Day uses a rhetoric of conversation with the contraction "I'm"; he relaxes
the reader with an informal first person narrator, and then uses this comfort to lead the reader into the unexpected experience of a Cort Day phrase. Some of the most startling of these phrases occur in the sequence titled "Monad, a Deluxe Pastoral, Deepens and Unwinds." Here, the speaker evokes the monad as the mystical erotic principle motivating the lovers, elaborated through fantastical metaphor that conflates the persons with the natural world:

When monad's volatile, I'm a firefly,
and you're a lake in white organza...
... the forest is programmed to self-sow. The rain
has left its feelings in our glade. We lay the wealth
on the ground at night. It deepened.
When your body left my body, a chime.

This particular passage provides a fine example of Day's accomplishment in the realm of sonic play. The repeated sounds of "v" "f"and "w" suggest a fleeting experience, particularly the transient sensation of connection, of existing as part of a "we". The repetition of the long "i" sound functions like a pun, "chime" repeating the sound "I'm" and reinforcing the experience and realization of selfhood and identity apart from the lover.
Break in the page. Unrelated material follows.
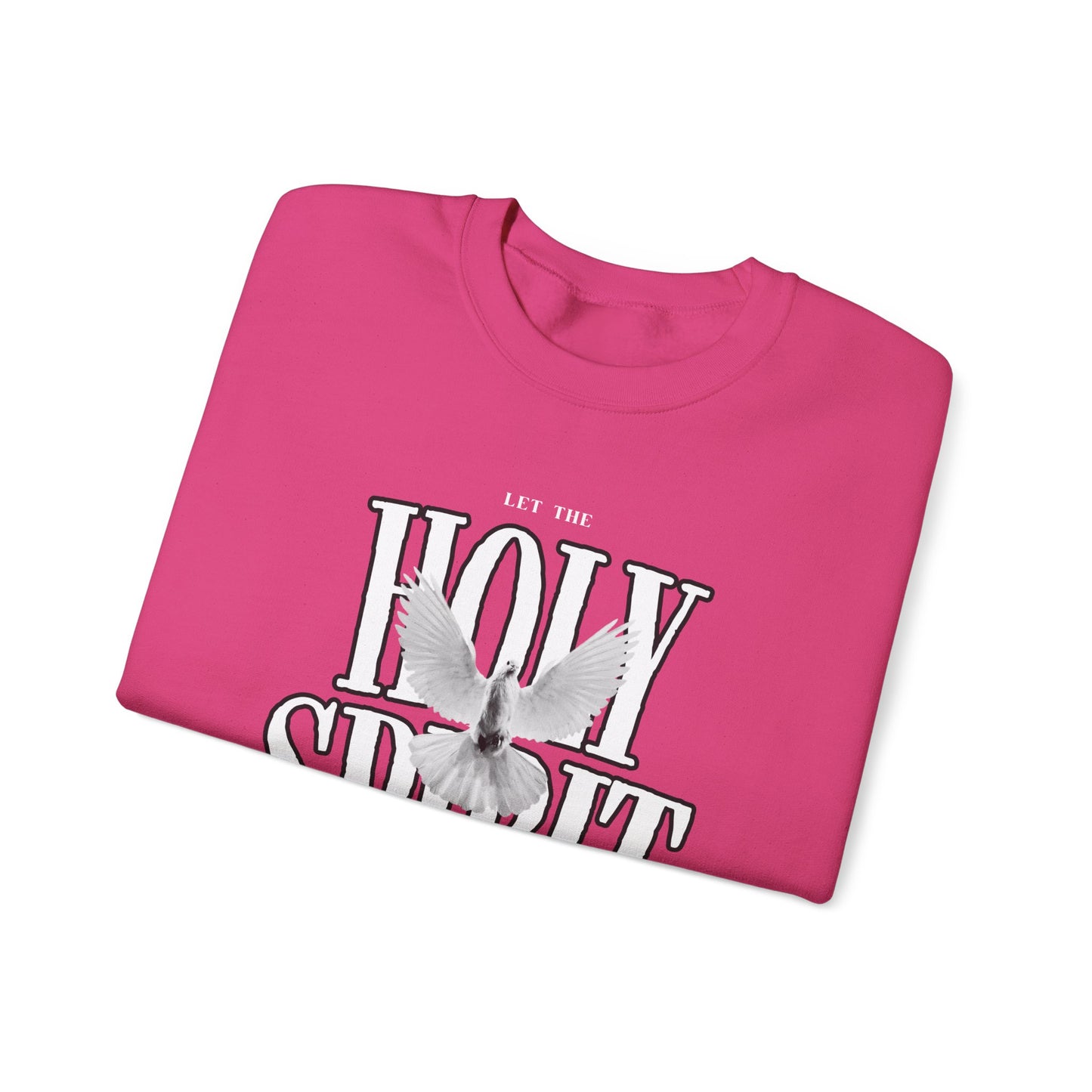Guided By The Holy Spirit Crewneck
The firefly and the white in this excerpt fit into perhaps the most prevalent and resonate metaphor of the collection besides music—light. The figure appears in the title of two poems, "White Ordinal" and "Dawn Ordinal" and becomes much more explicit in other places:

"... Elect, and get
aurora borealis piped into your family
reunion. Aunt Sophie's newfound radiance
will not fail to startle. A coherent, wave-like
syncopation will invent you, and you'll notice
a tiny application running inside everyone:
disposable, disposable, disposable, disposable.
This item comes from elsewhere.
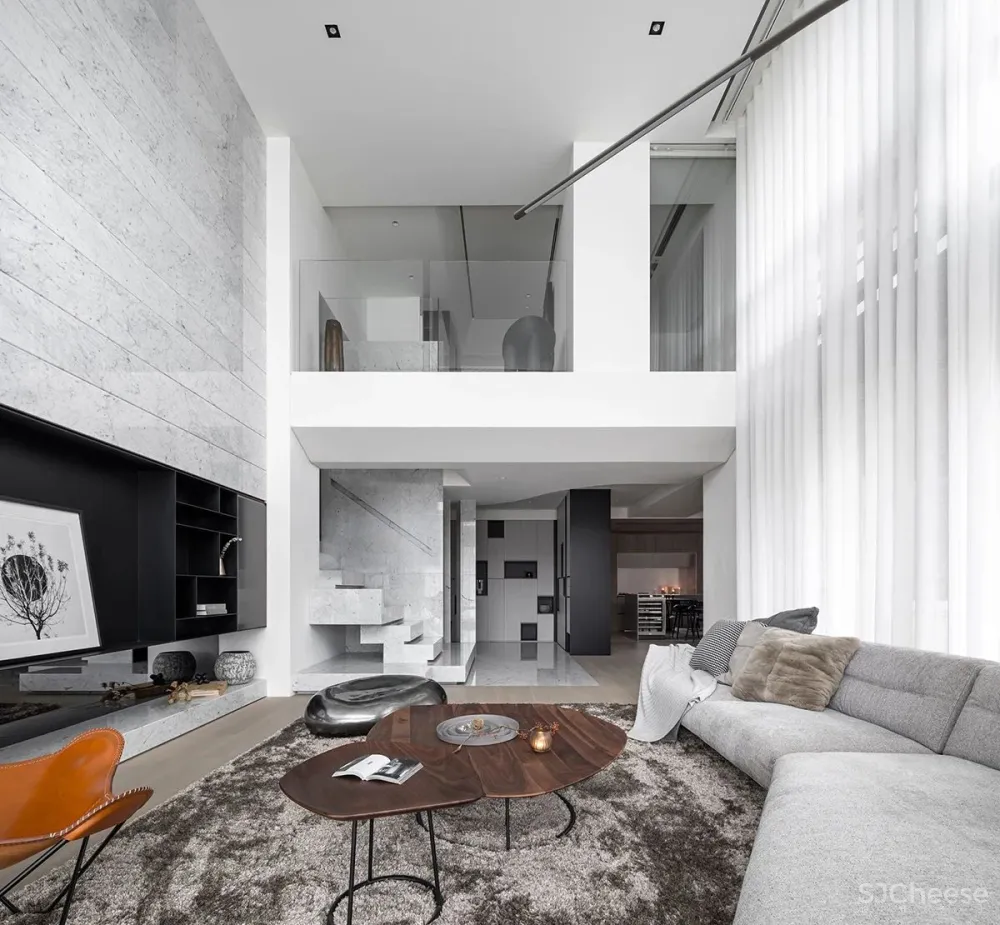 近境制作唐忠汉新作丨量体对叠切割的三维立体空间,时间以此而宁静!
Through his alchemy, Day makes "disposable" an acceptable, perhaps divine fact of human existence. Sometimes a book will only set out the dilemma, and a hopeful reader leaves the experience more troubled than ever. But this collection not only a states the tough proposition set out in language and living; these poems perform an embrace and celebration of mystery. Day throws himself into the Big Questions and comes back with some satisfying response. The book's stylistics and thematics prove so integrated and particular, the possibility of a second book that parrots the beauty of this one occurs as a possibility to me. Mostly, I trust the zeal of Cort Day's vision and look forward to what he will most likely write next, more poems to further "open your eyes ... and blow your moonwhistle."